SUPPLIED MATERIAL:
>>>

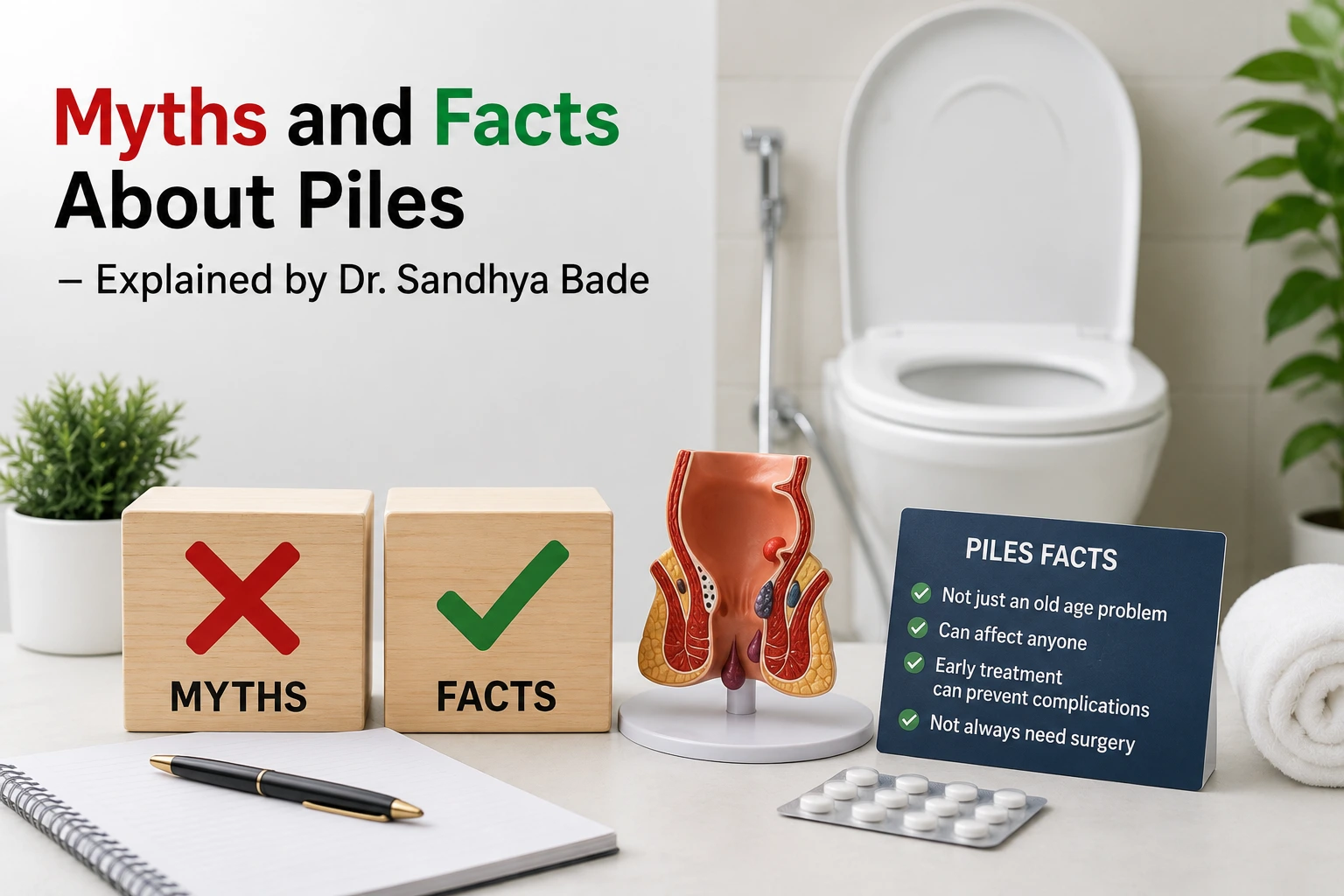 Myths and Facts About Piles – Explained by Dr. Sandhya Bade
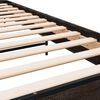 vidaXL R&aacute;m postele hněd&yacute; dub 100 x 200 cm kompozitn&iacute; dřevo a kov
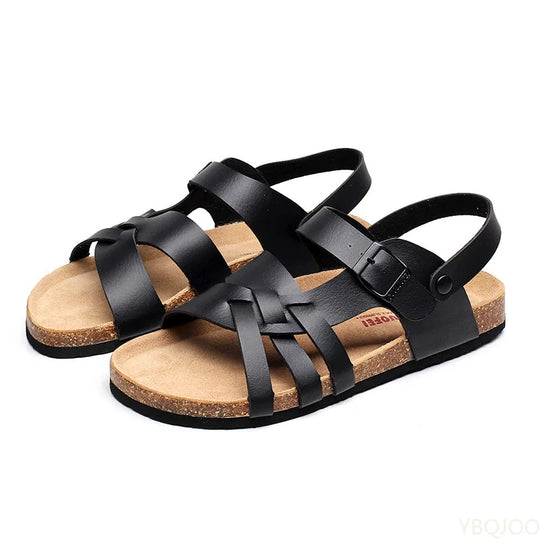 Women's orthopedic comfort sandals with arch support, ideal for daily wear & foot health.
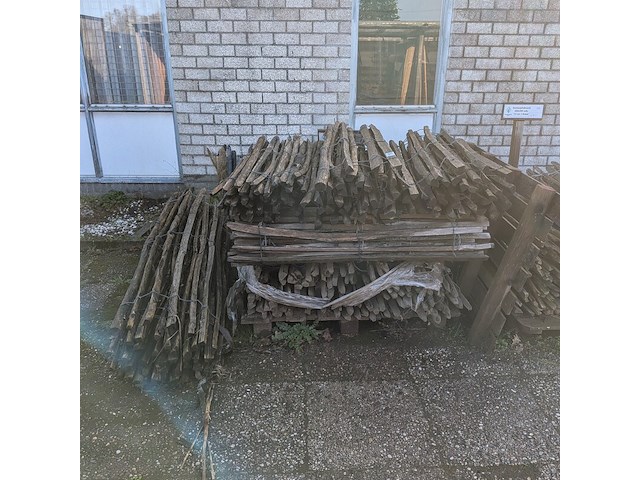 9x rol kastanjehekwerk - afbeelding 1 van  8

<<<

TASK OBJECTIVE: Restate the data word for word while omitting each picture.

SOLUTION TO THIS EXERCISE:
 Myths and Facts About Piles – Explained by Dr. Sandhya Bade
 vidaXL R&aacute;m postele hněd&yacute; dub 100 x 200 cm kompozitn&iacute; dřevo a kov
 Women's orthopedic comfort sandals with arch support, ideal for daily wear & foot health.
 9x rol kastanjehekwerk - afbeelding 1 van  8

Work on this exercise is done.